# Ebersberg MTB Marathon in Hohegeiß



## salatbauchvieh (7. Juni 2012)

Hallo zusammen,

mal wieder eine Frage nach den GPS-Daten der Strecke.

Wir würden gerne die Strecke in Hohegeiß vorher mal abfahren. Hat denn evtl. schon jemand die Gpsdaten parat? 
In der Ausschreibung werden 21 km und 710 hm genannt, hier auf der HP werden 21 km und 1080 hm aufgeführt. Ist ja schon ein Unterschied bei 2 oder sogar 4 Runden.
Die Ausrichter (Touristeninfo) habe ich bereits bzgl. Gps etc. angeschrieben aber noch keine Antwort erhalten. Sollte ich doch noch eine erhalten werde ich es hier mitteilen.

Gruß Salatbauchvieh


----------



## manuel e. (8. Juni 2012)

Hallo!!
Habe die gestern auch mal angeschrieben. Vielleicht ist die Strecke ja schon frühzeitig ausgeschildert, da ich auch keine Ahnung habe wo es da so lang geht. Die Fage ist auch ob im Uhrzeigersinn oder andersherum gefahren wird. Die Hm in der Harzcupausschreibung sollten aber richtig sein.

Gruss Manuel.


----------



## MTB-News.de




----------



## Maracuja10 (8. Juni 2012)

Bin noch am Schwanken, ob Ich mich auf die Langstrecke ummelde. Ist ja doch schon relativ ordentlich mit 4 x 710hm


----------



## salatbauchvieh (11. Juni 2012)

Hallo zusammen,

habe soeben von der Touristenzentrale die Strecke bekommen und hier mal abgelegt falls sie einer möchte.

Gruß das Salatbauchvieh


----------



## salatbauchvieh (26. Juni 2012)

Hallo zusammen, 

leider konnte ich aus zeitlichen Gründen die Strecke nicht selbst abfahren. Hat dies evtl. jemand getan und kann etwas zu den Höhenmetern sagen?

Dafür Danke...

Gruß SBV


----------



## Boc-M (29. Juni 2012)

salatbauchvieh schrieb:


> Hallo zusammen,
> 
> habe soeben von der Touristenzentrale die Strecke bekommen und hier mal abgelegt falls sie einer möchte.
> 
> Gruß das Salatbauchvieh



Danke für die Daten!

 Es scheint, dass man fast nur über die Schotterwege fährt. Kennt jemand die Strecke schon? Gibt es doch einige Singletrails? Sind die matschig? Das interessiert mich wegen des Reifenwahls.

[FONT="]Bis morgen!
 [/FONT]


----------



## Berrrnd (29. Juni 2012)

wegen der reifenwahl brauchst du dir wohl keine sorgen machen.
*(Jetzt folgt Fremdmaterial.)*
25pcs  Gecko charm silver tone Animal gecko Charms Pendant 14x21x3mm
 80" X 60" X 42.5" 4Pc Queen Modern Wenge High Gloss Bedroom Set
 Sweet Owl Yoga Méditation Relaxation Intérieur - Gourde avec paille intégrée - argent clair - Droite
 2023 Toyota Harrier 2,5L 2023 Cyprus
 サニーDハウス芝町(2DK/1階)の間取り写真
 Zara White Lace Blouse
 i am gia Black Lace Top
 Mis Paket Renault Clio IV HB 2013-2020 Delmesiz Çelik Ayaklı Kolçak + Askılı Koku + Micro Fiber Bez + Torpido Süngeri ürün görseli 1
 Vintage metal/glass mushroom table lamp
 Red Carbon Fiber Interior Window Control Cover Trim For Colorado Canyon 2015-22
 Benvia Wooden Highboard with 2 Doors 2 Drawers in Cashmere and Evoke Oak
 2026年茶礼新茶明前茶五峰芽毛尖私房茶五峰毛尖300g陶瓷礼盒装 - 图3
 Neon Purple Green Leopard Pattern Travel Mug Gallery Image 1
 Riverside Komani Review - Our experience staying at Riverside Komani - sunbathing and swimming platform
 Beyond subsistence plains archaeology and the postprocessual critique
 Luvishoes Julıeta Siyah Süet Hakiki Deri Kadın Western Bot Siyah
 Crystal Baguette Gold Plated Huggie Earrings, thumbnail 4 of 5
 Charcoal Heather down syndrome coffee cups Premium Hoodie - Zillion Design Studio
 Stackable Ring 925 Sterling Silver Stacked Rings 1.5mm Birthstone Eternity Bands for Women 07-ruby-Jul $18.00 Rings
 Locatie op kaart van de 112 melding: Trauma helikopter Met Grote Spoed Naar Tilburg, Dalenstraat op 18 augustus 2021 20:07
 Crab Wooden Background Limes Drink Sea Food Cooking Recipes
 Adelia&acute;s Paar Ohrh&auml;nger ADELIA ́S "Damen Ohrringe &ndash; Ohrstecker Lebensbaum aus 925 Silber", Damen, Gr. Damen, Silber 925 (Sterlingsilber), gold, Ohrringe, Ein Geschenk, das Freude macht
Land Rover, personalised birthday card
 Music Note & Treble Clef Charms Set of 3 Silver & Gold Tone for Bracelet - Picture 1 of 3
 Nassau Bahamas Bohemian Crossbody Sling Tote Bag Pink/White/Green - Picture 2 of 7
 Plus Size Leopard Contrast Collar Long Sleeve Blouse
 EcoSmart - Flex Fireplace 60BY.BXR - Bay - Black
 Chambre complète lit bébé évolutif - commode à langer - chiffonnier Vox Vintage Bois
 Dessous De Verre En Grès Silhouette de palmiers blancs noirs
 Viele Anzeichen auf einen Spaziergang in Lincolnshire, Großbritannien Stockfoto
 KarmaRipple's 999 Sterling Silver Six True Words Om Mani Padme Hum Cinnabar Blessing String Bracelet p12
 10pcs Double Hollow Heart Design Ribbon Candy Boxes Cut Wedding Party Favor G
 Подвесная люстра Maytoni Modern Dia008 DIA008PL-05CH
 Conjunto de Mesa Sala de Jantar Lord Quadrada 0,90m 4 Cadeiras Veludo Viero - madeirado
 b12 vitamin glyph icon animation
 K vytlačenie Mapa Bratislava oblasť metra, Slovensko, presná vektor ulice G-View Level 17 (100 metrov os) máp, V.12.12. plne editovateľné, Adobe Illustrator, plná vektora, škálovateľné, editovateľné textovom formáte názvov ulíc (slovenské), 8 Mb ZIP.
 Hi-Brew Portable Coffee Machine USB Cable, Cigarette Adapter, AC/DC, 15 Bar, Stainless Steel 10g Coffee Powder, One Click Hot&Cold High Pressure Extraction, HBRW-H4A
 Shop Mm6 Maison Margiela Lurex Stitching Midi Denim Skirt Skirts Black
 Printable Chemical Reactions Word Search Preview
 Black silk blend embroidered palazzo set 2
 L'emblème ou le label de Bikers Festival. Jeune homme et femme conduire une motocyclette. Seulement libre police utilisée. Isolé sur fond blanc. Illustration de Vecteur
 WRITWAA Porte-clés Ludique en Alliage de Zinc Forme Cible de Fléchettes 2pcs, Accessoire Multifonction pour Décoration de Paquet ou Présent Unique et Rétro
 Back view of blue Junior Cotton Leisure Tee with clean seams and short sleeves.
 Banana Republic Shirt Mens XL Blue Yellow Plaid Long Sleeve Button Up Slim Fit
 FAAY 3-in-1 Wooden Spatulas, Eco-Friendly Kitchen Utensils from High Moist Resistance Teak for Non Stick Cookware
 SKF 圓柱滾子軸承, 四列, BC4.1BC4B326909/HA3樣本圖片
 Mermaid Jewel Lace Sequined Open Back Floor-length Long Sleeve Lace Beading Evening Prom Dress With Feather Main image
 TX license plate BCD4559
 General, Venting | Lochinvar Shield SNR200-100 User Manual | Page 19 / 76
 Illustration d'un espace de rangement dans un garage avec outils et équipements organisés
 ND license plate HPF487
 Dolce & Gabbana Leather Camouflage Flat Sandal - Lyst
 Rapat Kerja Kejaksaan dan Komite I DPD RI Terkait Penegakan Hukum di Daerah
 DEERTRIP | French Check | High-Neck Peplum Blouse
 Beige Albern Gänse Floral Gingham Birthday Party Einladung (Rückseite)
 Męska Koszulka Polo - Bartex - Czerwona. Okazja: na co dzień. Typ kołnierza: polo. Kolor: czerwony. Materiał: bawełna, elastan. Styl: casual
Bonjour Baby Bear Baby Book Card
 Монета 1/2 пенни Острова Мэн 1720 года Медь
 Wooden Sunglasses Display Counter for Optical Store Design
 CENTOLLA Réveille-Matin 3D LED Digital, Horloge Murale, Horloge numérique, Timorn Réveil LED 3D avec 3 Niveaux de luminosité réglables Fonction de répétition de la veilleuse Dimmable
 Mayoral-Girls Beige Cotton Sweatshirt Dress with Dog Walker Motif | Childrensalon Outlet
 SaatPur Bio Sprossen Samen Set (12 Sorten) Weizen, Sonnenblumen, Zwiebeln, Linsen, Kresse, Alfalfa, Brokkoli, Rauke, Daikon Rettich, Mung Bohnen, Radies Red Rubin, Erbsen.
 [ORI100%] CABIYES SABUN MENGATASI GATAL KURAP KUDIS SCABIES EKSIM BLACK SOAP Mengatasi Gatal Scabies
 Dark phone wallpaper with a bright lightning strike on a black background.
selbst in der ausschreibung steht dass die strecke keinen technischen, sondern nur einen konditionellen anspruch hat.

hinten bontrager 29-1 2,2"
vorne racing ralph 2,25"


----------



## Peter88 (30. Juni 2012)

Bis auf die fade Strecke eine sehr schön organiesierte Veranstaltung mit cooler Start/Ziel location. Danke an die Harzer organisatoren


----------



## Maracuja10 (30. Juni 2012)

Peter88 schrieb:


> Bis auf die fade Strecke eine sehr schön organiesierte Veranstaltung mit cooler Start/Ziel location. Danke an die Harzer organisatoren



Dem ist nichts hinzuzufügen. Die Anstiege waren ja auch nicht ohne ;-)


----------



## Boc-M (30. Juni 2012)

Die Strecke hat mich positiv überrascht. Sie war zwar technisch nicht besonders anspruchsvoll, aber trotzdem ganz nett.
Das Renne war gut organisiert -vielen Dank an die Veranstalter!


----------



## Boc-M (1. Juli 2012)

Gibt es vielleicht schon Fotos?


----------



## MTB-News.de




----------



## manuel e. (2. Juli 2012)

Hy!!
Fand die Orga auch besser als dieses Chaos was immer in Braunlage herrschte. Nunja, zur Strecke: Die Runde ist zwar nicht technisch aber ich fand dadurch, das man ordentlich am Gashahn ziehen konnte, konnte man sich auf diese Art verausgaben. Für die Techniker kommt ja noch Schierke.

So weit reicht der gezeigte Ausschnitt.